I've been a delinquent updater once again.
Not a whole lot to talk about though.
Last weekend, Danny and I and our lil' families went up and race cross country in Taos. It was good times. It's a very fun, and extremely hard course. Up some of the steepest dirt roads that I have ever seen. And some very tight single track up around 12,000 feet.
The course was very complicated, doubling back and crossing over itself a number of times, with a slightly different route for each of the three laps done after the big fire road climb.
Fortunately, it was extremely well organized, with a ton of volunteers to steer you in the right direction at every intersection, and everything ran smoothly.
Danny, true to form, pinched a tube, and then proceeded to blow up his chain. This worked well for me, because it slowed him down to the point where I could catch him. So we rode the final 1/3 of the race together, coming across the finish line as team Bikeworks.
My age group (19-29) was actually faster than Danny's (30-39), which is unusual, and the same finishing time resulted in a 3rd place finish for Danny, and 4th place for me, in our respective age groups in expert (cat 1).
And then it was back to work with us. Our final week without Tony, Danny and I were certainly feeling a little worn down. The shop is just a little difficult to run with two guys.
I've procured a couple of new rides for the stable lately. First was a Swobo Crosby.
This bike is bad to the bone. The frame is nicer than I anticipated, with some details that you can't really see on the picture. The downtube is six sided, with a huge interface with the head tube, and then is rotates and has a hug connection with the BB. A carbon fork that gives a much smoother ride than I anticipated. Sliding dropouts, disc capable, gearing capable, solid parts spec out of the box, and the most rad color scheme I've seen in a while. Even the tires are perfect for our foothills.

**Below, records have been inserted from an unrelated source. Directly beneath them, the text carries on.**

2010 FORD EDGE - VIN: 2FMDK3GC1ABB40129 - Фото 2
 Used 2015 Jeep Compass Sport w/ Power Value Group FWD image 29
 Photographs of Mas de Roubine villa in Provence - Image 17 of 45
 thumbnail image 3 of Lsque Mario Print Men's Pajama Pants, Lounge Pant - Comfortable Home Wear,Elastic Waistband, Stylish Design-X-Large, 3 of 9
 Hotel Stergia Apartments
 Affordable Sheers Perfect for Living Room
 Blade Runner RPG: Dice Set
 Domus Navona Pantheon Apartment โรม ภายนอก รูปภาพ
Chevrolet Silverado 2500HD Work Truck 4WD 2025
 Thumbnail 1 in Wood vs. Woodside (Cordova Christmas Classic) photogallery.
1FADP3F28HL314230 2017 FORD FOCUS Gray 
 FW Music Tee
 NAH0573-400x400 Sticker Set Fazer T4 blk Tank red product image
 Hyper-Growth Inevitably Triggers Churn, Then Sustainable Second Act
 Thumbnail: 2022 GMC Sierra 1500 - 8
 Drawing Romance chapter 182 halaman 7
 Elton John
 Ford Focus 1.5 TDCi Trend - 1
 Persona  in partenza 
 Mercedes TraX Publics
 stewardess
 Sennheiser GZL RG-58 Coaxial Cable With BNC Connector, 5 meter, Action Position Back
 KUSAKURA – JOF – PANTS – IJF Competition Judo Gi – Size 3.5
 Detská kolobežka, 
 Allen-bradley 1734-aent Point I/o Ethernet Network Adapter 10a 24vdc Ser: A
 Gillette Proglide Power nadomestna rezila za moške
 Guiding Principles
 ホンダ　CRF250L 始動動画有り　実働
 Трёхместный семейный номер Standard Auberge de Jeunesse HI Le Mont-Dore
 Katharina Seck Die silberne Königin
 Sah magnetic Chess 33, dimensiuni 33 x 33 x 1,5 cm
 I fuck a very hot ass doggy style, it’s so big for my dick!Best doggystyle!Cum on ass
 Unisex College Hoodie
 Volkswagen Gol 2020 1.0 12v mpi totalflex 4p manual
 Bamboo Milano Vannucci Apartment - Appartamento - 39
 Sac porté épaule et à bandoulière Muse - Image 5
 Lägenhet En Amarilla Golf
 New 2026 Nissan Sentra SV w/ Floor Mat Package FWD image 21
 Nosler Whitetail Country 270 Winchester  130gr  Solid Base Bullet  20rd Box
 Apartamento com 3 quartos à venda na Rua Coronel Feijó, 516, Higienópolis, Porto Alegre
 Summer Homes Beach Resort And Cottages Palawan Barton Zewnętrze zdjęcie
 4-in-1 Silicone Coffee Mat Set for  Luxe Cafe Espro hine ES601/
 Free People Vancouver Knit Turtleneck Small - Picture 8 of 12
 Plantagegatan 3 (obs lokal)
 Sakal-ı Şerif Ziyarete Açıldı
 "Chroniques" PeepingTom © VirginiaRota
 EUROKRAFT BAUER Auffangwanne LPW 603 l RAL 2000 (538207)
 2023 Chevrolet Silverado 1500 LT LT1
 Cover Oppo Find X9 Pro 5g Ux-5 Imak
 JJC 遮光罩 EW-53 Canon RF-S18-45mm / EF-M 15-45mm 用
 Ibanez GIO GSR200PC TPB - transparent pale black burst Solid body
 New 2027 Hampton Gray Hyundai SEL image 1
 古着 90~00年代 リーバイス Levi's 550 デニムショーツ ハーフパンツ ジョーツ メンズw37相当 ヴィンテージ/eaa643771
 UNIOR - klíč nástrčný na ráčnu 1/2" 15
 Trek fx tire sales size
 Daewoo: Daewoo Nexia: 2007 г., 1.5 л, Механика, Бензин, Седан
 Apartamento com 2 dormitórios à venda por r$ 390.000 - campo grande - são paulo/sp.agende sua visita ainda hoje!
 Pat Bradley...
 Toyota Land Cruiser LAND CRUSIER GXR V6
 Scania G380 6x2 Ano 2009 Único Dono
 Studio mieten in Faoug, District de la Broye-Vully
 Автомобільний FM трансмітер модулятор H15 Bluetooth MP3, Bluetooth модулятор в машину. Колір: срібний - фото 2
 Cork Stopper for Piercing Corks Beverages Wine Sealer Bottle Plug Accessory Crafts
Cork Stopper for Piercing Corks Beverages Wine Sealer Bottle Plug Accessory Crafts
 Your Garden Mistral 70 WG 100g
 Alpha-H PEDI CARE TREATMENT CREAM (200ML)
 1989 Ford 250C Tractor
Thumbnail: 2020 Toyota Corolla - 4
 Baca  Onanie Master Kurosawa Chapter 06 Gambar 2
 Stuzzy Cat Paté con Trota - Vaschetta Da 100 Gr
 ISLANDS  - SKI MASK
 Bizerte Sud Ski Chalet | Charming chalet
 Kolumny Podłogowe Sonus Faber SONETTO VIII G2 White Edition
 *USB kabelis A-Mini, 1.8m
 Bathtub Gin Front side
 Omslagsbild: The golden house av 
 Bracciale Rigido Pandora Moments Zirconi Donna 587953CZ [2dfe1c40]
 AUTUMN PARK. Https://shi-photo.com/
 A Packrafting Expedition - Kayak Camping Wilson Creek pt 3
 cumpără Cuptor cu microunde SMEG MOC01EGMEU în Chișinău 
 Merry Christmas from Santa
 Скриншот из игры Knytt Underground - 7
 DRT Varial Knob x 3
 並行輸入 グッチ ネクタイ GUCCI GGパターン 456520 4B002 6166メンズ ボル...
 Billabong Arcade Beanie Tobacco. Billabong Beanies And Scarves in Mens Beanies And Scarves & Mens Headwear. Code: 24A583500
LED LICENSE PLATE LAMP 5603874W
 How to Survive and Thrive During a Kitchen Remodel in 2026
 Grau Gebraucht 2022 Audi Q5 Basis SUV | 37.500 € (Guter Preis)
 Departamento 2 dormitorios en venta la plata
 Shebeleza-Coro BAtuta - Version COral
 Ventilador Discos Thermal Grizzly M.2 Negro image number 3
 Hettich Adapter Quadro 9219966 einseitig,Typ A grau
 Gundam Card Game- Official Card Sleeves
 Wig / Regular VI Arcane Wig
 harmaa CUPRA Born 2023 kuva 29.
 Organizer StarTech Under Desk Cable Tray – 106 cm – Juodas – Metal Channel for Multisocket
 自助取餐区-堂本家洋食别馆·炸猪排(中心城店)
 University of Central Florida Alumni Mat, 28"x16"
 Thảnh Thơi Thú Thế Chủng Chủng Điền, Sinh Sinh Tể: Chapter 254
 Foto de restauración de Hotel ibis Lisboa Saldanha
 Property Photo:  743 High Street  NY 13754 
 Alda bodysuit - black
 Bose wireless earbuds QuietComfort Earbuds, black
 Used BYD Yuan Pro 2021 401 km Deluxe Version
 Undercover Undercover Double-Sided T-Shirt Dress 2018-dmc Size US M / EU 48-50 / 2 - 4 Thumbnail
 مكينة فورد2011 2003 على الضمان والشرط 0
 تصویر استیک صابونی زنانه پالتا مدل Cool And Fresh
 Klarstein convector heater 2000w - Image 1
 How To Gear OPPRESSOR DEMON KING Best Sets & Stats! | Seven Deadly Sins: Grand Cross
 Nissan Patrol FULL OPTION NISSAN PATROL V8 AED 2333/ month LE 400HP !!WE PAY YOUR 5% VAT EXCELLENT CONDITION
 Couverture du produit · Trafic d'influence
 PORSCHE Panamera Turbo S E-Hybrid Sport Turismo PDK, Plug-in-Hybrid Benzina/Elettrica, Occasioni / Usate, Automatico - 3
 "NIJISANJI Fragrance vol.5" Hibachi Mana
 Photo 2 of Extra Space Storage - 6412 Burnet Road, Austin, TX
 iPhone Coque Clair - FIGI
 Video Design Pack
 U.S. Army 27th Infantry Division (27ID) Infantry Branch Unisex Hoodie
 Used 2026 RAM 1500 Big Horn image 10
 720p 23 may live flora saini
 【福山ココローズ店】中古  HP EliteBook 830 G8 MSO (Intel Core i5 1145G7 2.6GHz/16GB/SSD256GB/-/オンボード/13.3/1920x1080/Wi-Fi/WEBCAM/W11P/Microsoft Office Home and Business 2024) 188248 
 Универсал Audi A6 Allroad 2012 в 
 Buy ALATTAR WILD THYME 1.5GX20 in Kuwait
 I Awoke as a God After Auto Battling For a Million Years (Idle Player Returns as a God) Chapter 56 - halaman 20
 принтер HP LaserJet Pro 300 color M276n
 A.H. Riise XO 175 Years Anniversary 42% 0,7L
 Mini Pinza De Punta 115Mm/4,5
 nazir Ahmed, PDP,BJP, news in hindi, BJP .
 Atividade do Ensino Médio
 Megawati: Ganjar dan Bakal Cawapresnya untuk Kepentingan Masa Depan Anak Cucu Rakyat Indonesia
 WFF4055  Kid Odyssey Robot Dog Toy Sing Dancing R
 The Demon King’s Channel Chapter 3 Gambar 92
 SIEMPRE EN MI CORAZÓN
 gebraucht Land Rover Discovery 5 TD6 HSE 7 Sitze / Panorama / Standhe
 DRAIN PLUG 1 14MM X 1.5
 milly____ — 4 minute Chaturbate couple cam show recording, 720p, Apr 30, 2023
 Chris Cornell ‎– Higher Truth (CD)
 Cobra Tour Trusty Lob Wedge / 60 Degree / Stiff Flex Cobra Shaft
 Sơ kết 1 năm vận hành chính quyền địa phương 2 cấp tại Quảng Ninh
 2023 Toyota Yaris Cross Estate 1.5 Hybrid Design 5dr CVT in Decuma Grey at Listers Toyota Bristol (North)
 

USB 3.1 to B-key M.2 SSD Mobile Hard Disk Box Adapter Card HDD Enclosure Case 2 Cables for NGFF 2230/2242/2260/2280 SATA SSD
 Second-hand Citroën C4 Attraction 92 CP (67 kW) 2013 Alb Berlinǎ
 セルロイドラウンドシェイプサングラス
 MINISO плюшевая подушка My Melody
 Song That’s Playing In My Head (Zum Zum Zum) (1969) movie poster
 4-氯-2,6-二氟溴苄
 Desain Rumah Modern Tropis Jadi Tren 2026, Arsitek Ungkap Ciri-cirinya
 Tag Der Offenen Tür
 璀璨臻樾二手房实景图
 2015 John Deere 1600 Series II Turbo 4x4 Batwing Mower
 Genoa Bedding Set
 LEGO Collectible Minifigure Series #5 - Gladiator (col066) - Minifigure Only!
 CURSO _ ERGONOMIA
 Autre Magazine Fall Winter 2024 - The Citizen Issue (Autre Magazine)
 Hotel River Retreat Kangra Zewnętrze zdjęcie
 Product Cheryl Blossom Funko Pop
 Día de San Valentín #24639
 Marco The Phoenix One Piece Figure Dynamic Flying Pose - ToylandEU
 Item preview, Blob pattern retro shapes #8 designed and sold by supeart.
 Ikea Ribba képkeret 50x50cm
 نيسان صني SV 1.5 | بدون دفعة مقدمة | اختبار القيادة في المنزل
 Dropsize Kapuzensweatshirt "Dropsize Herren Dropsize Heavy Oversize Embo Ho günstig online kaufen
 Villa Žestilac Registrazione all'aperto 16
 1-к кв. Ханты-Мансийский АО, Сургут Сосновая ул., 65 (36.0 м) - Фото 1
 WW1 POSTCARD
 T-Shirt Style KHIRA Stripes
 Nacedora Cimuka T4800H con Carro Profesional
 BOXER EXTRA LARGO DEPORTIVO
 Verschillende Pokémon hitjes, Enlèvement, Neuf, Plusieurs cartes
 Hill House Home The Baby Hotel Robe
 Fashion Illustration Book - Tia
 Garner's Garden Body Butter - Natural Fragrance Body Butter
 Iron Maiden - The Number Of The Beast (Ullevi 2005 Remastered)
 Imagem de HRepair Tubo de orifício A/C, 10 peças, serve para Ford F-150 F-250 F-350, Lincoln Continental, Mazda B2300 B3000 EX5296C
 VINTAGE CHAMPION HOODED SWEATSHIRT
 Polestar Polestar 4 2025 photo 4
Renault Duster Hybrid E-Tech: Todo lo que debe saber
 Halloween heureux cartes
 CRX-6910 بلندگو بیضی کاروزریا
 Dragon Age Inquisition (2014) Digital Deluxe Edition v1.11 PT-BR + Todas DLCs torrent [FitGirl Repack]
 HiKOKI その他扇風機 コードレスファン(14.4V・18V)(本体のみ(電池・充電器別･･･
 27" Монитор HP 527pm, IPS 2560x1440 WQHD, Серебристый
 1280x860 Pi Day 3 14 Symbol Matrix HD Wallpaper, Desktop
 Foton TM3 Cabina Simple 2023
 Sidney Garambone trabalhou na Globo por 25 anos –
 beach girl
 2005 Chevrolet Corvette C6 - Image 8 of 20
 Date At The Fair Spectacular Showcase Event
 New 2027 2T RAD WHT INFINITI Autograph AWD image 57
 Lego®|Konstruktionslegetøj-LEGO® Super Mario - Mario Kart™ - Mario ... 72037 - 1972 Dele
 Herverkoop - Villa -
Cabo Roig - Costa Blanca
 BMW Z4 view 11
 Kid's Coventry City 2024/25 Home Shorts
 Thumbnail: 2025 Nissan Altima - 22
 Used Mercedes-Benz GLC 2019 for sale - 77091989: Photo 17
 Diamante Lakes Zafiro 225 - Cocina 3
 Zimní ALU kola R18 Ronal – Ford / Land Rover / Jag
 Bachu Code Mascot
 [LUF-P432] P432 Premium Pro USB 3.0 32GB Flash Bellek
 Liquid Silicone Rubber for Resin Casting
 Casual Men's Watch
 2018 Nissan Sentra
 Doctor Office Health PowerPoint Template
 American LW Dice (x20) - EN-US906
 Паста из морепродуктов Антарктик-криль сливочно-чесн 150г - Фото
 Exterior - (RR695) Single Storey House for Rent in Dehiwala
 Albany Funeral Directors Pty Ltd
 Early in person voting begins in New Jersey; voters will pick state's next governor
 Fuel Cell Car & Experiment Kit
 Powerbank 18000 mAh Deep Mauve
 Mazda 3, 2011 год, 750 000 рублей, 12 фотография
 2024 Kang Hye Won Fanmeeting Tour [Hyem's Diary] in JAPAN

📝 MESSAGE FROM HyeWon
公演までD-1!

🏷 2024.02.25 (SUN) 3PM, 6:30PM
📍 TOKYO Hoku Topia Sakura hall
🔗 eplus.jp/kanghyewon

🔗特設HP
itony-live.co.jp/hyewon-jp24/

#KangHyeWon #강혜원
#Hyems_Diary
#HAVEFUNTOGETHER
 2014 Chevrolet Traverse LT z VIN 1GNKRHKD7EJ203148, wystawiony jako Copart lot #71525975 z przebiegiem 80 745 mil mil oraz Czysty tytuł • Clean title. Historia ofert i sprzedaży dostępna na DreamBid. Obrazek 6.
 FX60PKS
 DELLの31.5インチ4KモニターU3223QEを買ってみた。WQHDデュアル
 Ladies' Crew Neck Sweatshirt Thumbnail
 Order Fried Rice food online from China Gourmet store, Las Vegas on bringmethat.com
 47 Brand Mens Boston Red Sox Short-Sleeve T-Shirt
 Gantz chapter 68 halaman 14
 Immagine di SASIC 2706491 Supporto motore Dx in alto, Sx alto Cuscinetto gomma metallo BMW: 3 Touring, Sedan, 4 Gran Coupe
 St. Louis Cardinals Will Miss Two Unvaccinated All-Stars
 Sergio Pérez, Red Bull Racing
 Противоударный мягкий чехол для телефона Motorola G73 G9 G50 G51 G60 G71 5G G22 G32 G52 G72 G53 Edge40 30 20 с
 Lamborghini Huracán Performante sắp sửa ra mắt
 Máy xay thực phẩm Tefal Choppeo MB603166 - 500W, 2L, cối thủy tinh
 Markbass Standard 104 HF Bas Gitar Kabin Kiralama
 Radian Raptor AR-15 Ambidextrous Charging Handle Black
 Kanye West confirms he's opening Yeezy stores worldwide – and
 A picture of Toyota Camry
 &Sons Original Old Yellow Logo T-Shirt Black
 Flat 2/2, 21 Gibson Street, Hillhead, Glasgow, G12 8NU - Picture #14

It also comes with the Sram Torpedo hub, which looks vaguely like a coaster brake hub, and can be converted between singlespeed or fixed gear with 5 turns of a small flathead screw. The screw sits inside of the axle, and is accessed via the driveside axle nut, which is open on the end.
And the bike retails for $1,000. This thing is a lot of bike for the money.
I also just replaced my Soma Rush frame for another of the same, except this one is my size. Also, it's white, and awesome, because white bikes are awesome.
If anyone is interested in a 55cm black track frame and fork, this thing is a beaut, and it'll go for a good price.
And with that, I'm going to go pay bills on my day off, because it'll be nice and quiet at the shop, and I haven't paid bills in a number of weeks.